The mutineers remained undetected on Pitcairn until February 1808, when sole remaining mutineer John Adams and the surviving Tahitian women and their children were discovered by the Boston sealer Topaz, commanded by Captain Mayhew Folger of Nantucket, Massachusetts. He also proved there that the dream of the French Revolution but in a British ship, was over.
John Adams looked after the remaining community of women and children. He taught the children and converted the community to Christianity. He was eventually pardoned of his crime by the British Admiralty for the work that he had done for the island and allowed to live on the island for the rest of his life. Now, Pitcairn Islands is occupied by 50 inhabitants, descendants of those mutineers and natives.
The details of this extraordinary voyage of HMS Bounty are very well documented, largely due to the effort of Bligh to maintain an accurate log before, during, and after the actual mutiny. Bounty‘s crew list is also well chronicled, down to and including the names of every seaman on board, something which larger ships in the rating system only occasionally were capable of due to crews in the hundreds whereas the Bounty carried fewer than fifty personnel.
Bligh’s original log remained intact throughout his ordeal and was used as a major piece of evidence in his own trial for the loss of the Bounty as well as the subsequent trial of captured mutineers. The original log is presently maintained at a museum in New South Wales with available transcripts in both print and electronic format.
1787, 16 August: William Bligh is ordered to command a breadfruit gathering expedition to Tahiti.
3 September: Bligh sets out from Great Britain in December 1787, electing to sail the Bounty west round the tip of South America in an attempt to use the expedition to fulfill an ambition to circumnavigate the globe.
1788, 26 February: Marked at 100 leagues from the eastern coast of Brazil.
23 March: Arrived Tierra del Fuego.
9 April: Entered the Strait of Magellan.
25 April: The attempt to round Cape Horn fails due to harsh weather, and the ship is obliged to take the longer eastern route.
22 May: Within sight of the Cape of Good Hope.
19 September: Past the southern tip of New Zealand.
26 October: Arrived Tahiti.
1789, 23–25 April: Anchored for provisions off Tonga.
28 April: Mutiny on the Bounty. Captain Bligh and loyal crew members set adrift in Bounty‘s launch.
From this point, Captain Bligh’s mission log reflects the voyage of the Bounty´s launch towards the Dutch East Indies. Bligh completed a voyage of more than 3,500 nautical miles (6,500 km) in the launch to reach safety, and began the process of bringing the mutineers to justice.
29 April: Bounty launch arrives at Tofua.
2 May: Bounty launch castaways flee Tofua after being attacked by natives. There, Norton was killed by natives.
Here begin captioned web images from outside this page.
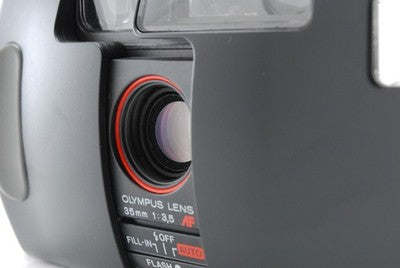 [Near MINT] Olympus AF-10 Quartz Date Point & Shoot 35mm Film Camera From JAPAN
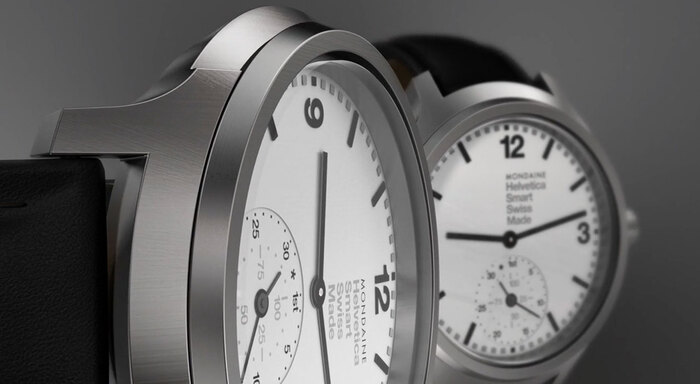 Mondaine Helvetica watch series 8
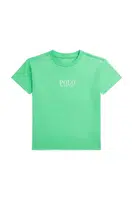 Tričko Polo Ralph Lauren zelená barva, 322964779003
3 June: Bounty launch sails into the open ocean towards Australia. In these deseperate hours, Bligh remmembered to their seamen that they were “civilized, not savages”.
14 June: Launch castaways circle Timor and land at Coupang, a Dutch colony. Mutiny was reported to Dutch authorities. This was the epic arrival of Captain Bligh and his loyal officers and seamen.
1790, 13 March. Bligh arrived to Portsmouth Harbour, England.